The Federal Reserve Board (Fed) announced that it objected to the capital plan submitted by Citi as part of the 2014 Comprehensive Capital Analysis and Review (CCAR). The capital actions requested by Citi included a $6.4 billion common stock repurchase program through the first quarter of 2015 and an increase of Citi’s quarterly common stock dividend to $0.05.

Citi will be permitted to continue with its current capital actions through the first quarter of 2015. These include a $1.2 billion common stock repurchase program and a common stock dividend of $0.01 per share per quarter. These actions are subject to approval by Citi’s Board of Directors in the normal course.

Michael Corbat, Citi’s Chief Executive Officer, said: “Needless to say, we are deeply disappointed by the Fed’s decision regarding the additional capital actions we requested. The additional capital actions represented a modest level of capital return and still allowed Citi to exceed the required threshold on a quantitative basis.

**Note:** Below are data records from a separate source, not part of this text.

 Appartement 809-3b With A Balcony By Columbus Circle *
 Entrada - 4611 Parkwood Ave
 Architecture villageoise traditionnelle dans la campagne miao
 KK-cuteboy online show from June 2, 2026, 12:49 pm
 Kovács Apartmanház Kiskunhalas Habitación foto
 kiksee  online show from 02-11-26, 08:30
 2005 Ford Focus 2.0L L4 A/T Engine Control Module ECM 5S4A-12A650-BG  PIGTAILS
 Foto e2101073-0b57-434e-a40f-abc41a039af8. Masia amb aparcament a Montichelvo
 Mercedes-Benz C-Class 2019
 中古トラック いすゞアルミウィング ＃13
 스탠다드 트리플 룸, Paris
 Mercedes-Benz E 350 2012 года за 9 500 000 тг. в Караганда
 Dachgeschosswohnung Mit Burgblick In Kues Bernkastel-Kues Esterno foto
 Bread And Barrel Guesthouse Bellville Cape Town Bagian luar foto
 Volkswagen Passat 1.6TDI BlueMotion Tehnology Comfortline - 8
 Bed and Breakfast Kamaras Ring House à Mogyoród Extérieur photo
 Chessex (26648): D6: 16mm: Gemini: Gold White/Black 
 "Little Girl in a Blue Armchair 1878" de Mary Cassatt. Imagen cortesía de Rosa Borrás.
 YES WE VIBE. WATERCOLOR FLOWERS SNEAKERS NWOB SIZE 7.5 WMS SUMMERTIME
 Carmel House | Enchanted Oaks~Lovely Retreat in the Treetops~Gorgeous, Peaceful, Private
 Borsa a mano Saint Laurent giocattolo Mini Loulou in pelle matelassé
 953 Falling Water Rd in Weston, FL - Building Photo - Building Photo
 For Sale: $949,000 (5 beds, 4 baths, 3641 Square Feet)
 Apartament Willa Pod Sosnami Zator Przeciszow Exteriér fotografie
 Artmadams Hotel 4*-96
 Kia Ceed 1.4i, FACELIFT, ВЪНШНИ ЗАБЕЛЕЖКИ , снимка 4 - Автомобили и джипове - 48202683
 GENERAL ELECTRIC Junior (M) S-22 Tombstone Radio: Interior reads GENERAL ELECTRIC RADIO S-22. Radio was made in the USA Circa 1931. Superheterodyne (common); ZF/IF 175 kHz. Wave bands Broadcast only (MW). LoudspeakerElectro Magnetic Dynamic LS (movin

“We will continue to work closely with the Fed to better understand their concerns so that we can bring our capital planning process in line with their expectations and meet their standards on a qualitative basis as well. We have not yet made a decision as to when we will resubmit our plan.

We clearly are being challenged to meet the highest standards in the CCAR process. Despite whatever shortcomings the Fed saw in our capital planning process, we have made tremendous progress over the past several years in enhancing our capital position and Citi remains one of the best-capitalized financial institutions in the world. We will continue to work incredibly hard to serve our clients and generate the returns our shareholders expect and deserve,” Mr. Corbat concluded.